In the logarithmic spiral, which is called the center of the shell, here called spiral pole. Please specify more abovementioned property geometric spiral. A few sentences ago was mentioned, is that, in a further spiral loops are becoming more erect and this shows that successive loops, are becoming increasingly distant from the pole. It is also worth mentioning that this distance is growing exponentially. Another feature of this spiral is that the curve of the road from any point on it to the pole is proportional to the distance from a pole, and inversely proportional to the cosine of angle, which it determines the spiral. Going from a specific point on the spiral in the direction of its expansion, its pole goimg to infinite number of times, never reaching it. The reason for this that we will always be away from the pole.

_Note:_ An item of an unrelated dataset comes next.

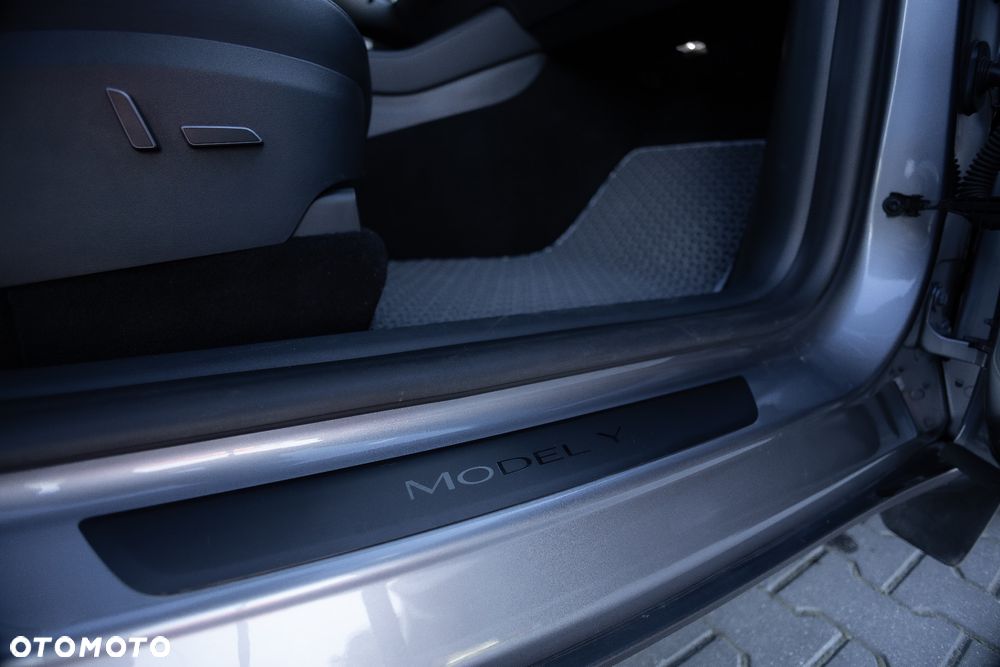 Tesla Y Long Range AWD - 18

Besides the shell snails, logarithmic spiral occurs in very many places in our world. Starting with little, after the larger and ending with huge. Such as the creation of small flying insects have a relationship with the logarithmic spiral, as the insect flying into the light, keeps constant angle between the flight path, a light source. The television often hear about disasters, which led to tropical cyclones or hurricanes. But perhaps few who know that their arms are arranged on the spiral shape of log. The shapes of these take the spiral arms of spiral galaxies.

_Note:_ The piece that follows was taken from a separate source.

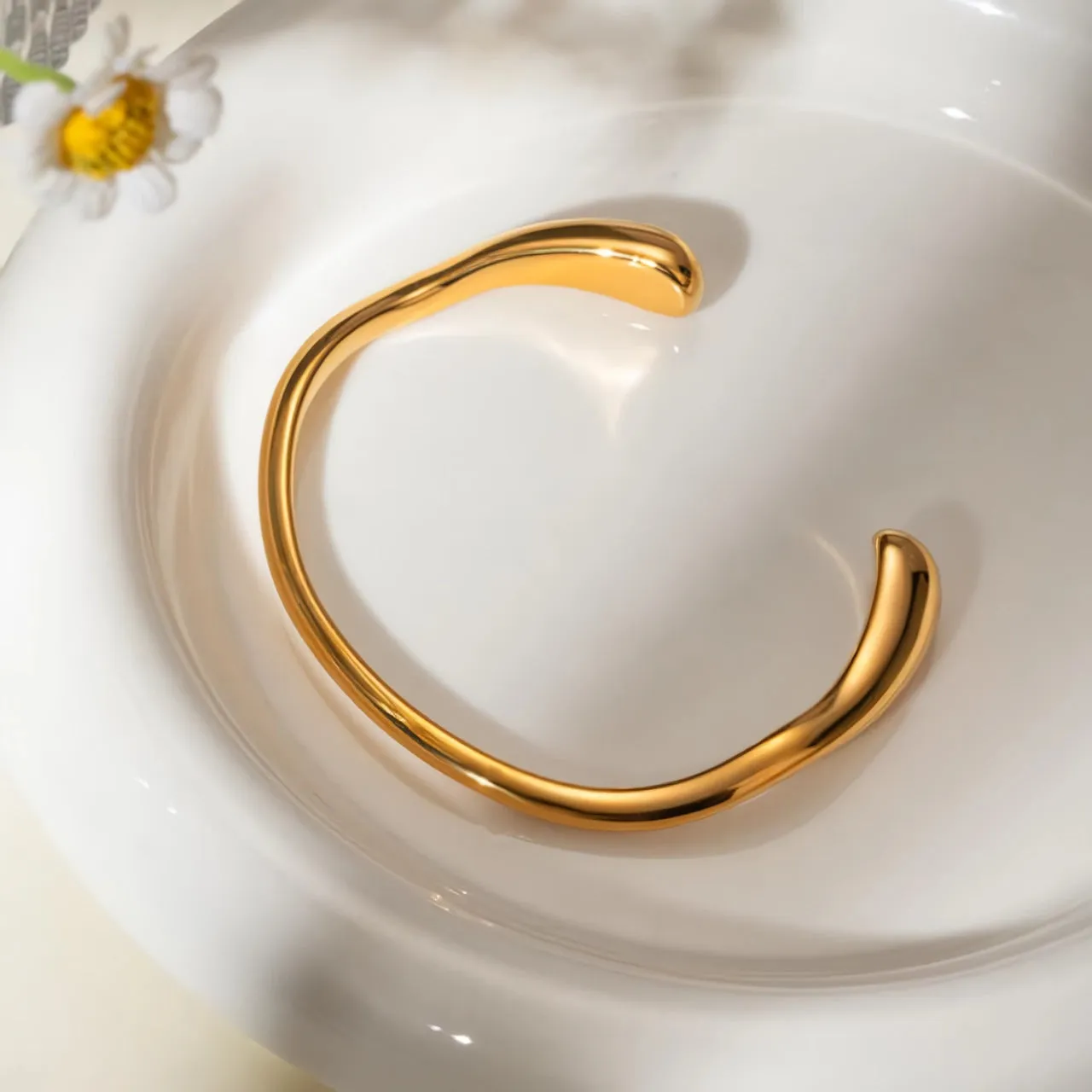 18K Gold PVD Plated Stainless Steel Open Bracelet Bangle – Smooth, Polished, and Rust-Proof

In order to guess what is the gateway connecting the logarithmic spiral from the logarithmic function, simply look at the same design spiral. There is also a symbol of "*e*", which is the foundation of the natural logarithm. For the logarithmic functions, logarithms are values. The function of this we define as follows: function *f(x) = logax*, where a>0 and x>0 .

Logarithmic function has many properties. An important one is that for each and belonging to R/{1} the function of a continuous basis in the collection of R. Another important property of functions is as follows: for each and belonging (1; infinity) is a growing feature in the collection of R , while in the (0,1) is decreasing in the collection of R.

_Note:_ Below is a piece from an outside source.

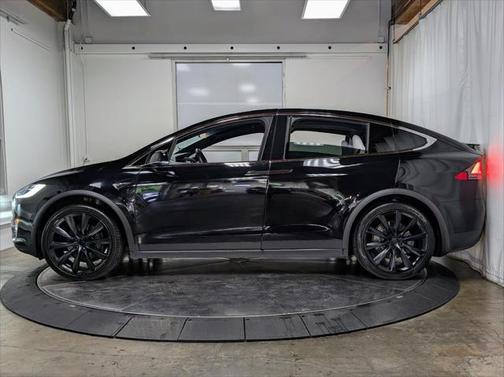 2020 Tesla Model X Long Range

On such a simple, they are snails, which communicate with the logarithmic function, you can show that many things can explore and discover these you will never end. Never we think, but that does not benefit may be associated with the other, because it suggests to us an instinct. To find the logarithmic spiral first mathematician had to watch the shells snails, or watch a galaxy, or look at the phenomena of nature such as cyclones. The proposal raises a simple, always worth learn from all fields of science and look at the things that we are not important. Looking at the tiny part of the world know not go to the end, not knowing the rest.